Cinema ad effetto: Il corvo, quando il cinema compie il “miracolo” (Puntata 32)

Storia degli effetti speciali – Nel 1994 la computer grafica fece resuscitare il povero Brandon Lee, scomparso durante le riprese de Il corvo, che fu ultimato proprio grazie ai miracoli del digitale...

Oggi pubblichiamo la trentaduesima puntata del nostro approfondimento sulla storia degli Effetti speciali al cinema, con cui ripercorriamo alcuni dei momenti più memorabili passati sul grande schermo.

L’insostituibile utilità della computer grafica fu confermata una volta di più nel 1994 quando la morte di Brandon Lee, avvenuta tre giorni prima della fine delle riprese de Il corvo di Alex Proyas, mise a rischio il completamento stesso del film. Difficile immaginare come si sarebbe potuto ultimare la pellicola senza il suo protagonista se non grazie all’intervento di controfigure, ma soprattutto al montaggio digitale che permise di recuperare e unire scene del girato e scene realizzate in CGI. Il compito di fare il miracolo e “riportare in vita” Brandon Lee toccò alla Dream Quest Images, che curava gli effetti speciali del film insieme alla Industrial Light & Magic (lo studio di effetti speciali fondato nel 1977 da George Lucas).

La maggior parte delle scene incomplete riguardava il blocco dell’appartamento di Eric e Shelley (Sofia Shinas) e della loro vita insieme. Al momento della morte di Lee dovevano essere ancora filmate anche alcune scene collocate dopo il suo assassinio, come il momento in cui si applicava il famoso trucco, in cui bruciava le foto di Shelley e il suo incontro con Sarah (Rochelle Davis).
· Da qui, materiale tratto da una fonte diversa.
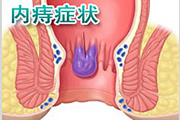 內(nèi)痔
La maggior parte di queste scene è stata realizzata con una controfigura, ma sette sequenze richiesero qualcosa di più: la Dream Quest utilizzò materiale già girato adattandolo alle esigenze grazie all’impiego del CGI.

Per esempio la scena in cui Eric entra nel suo appartamento in realtà fu ottenuta estrapolando la sua immagine da una sequenza in cui attraversa un vicolo sotto la pioggia battente. Lo sfondo e la pioggia furono cancellati digitalmente. La tecnica impiegata fu quella del mapping, che consiste appunto nell’applicare in CGI un’immagine su di un elemento presente nella ripresa. La difficoltà qui fu dovuta al fatto che questo tipo di procedimento non era stato previsto e quindi in fase di riprese non erano stati presi gli adeguati accorgimenti che avrebbero facilitato poi il lavoro. Solitamente infatti in questi casi viene usata la cosiddetta locked-off camera, montata su supporti motorizzati manovrati da un computer e per rendere il compositing perfetto all’immagine viene poi dato l’effetto mosso come se fosse stata ripresa dalla stessa camera (qui invece era stata usata una camera a mano!).

Dal momento inoltre che il film aveva un budget piuttosto limitato, molte scene dovettero essere girate in economia pur dovendo risultare realistiche. Questo fu permesso dall’uso di miniature. Tra queste per esempio la Cattedrale, che era un modellino combinato poi con le riprese degli attori davanti a un blue-screen, uniti anche a pioggia e nuvole digitali. Le miniature furono usate per molte scene anche della città, quando il corvo sorvola i palazzi e per l’inseguimento in macchina e quello con l’elicottero (che era a sua volta un giocattolo), che mescolarono anche riprese live-action e effetti ottici e di luci.